The Pharmaceutical Research and Manufacturers of America defended drugmakers' actions.
"The fact is that contract pharmacies were never authorized by Congress in statute, nor does the 340B statute require manufacturers to ship 340B medicines to contract pharmacies. Contract pharmacies only appear in sub-regulatory guidance, which cannot impose any binding requirements on the public and lack the force and effect of law," Nicole Longo, a PhRMA spokesperson, said in an email.
PhRMA is concerned that contract pharmacies have too little oversight and that there's a lack of evidence that their participation in the 340B program has improved patients' access to medicines.
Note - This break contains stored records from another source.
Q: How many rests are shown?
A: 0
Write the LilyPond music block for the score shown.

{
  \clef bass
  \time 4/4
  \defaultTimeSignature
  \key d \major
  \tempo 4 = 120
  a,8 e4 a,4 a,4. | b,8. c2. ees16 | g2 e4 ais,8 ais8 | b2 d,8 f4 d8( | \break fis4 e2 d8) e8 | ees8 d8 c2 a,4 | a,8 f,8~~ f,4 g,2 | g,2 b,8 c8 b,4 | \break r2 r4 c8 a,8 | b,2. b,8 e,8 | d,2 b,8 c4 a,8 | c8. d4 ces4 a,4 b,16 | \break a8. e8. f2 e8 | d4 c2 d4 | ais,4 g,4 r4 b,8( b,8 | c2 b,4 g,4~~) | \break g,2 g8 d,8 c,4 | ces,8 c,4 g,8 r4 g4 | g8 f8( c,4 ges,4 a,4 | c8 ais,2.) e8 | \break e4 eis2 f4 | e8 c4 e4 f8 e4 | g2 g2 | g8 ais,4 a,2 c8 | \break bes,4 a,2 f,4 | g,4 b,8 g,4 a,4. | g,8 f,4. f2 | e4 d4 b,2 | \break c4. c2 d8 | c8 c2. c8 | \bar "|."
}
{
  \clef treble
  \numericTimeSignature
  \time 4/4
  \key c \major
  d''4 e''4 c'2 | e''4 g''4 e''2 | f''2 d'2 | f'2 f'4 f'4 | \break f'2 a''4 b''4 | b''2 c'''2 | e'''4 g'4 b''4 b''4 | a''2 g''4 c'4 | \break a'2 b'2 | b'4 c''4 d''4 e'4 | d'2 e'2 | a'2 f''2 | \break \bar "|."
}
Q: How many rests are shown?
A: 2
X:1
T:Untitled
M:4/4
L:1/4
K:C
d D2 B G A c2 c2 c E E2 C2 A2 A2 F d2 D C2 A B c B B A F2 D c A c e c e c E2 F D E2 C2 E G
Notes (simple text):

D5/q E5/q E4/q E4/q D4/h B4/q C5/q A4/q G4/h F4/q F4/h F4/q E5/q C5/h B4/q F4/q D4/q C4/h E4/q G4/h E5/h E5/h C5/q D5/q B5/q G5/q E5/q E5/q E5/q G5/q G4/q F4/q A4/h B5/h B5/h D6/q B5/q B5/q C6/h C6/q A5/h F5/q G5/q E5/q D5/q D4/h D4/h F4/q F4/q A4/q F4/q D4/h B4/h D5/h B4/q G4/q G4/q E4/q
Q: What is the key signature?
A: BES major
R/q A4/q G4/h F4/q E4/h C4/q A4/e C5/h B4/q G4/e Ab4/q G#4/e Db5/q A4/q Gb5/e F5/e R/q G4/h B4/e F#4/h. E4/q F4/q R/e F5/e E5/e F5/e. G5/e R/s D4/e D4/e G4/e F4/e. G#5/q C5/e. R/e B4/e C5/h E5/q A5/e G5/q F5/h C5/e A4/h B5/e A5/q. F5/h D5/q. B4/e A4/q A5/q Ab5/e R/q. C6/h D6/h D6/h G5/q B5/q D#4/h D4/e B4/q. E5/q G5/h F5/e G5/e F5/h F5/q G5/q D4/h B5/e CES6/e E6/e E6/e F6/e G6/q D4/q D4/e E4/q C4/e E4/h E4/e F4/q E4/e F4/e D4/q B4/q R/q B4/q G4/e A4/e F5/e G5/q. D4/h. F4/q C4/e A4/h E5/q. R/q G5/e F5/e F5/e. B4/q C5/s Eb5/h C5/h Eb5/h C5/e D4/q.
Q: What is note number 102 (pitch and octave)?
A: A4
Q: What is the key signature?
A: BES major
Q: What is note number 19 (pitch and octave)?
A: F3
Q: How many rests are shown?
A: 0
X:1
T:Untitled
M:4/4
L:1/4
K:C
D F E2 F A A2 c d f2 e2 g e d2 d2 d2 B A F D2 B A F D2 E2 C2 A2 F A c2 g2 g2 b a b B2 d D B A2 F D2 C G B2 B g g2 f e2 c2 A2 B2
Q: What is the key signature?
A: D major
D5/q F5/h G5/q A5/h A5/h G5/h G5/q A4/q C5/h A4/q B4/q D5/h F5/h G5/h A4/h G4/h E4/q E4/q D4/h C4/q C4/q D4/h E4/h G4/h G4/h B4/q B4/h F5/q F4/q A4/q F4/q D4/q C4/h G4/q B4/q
"That's why we are advocating for meaningful improvements to the program that ensure patients directly benefit from the tens of billions of dollars in discounts that manufacturers provide each year," Longo said in a statement.
But HRSA's warning letters show that the agency will continue to enforce the rules as it sees fit, even if drugmakers disagree with its interpretation of the law.
Eli Lilly, AstraZeneca and Sanofi each sued HHS in February, arguing that HRSA's December advisory opinion was inconsistent with the law passed by Congress and that drugmakers might not get a fair hearing if they file a complaint.
Sanofi said in its complaint that it's worried HRSA's alternative dispute resolution board would consider the advisory opinion binding since HHS officials make up the board. That could lead to "crippling sanctions," the complaint said.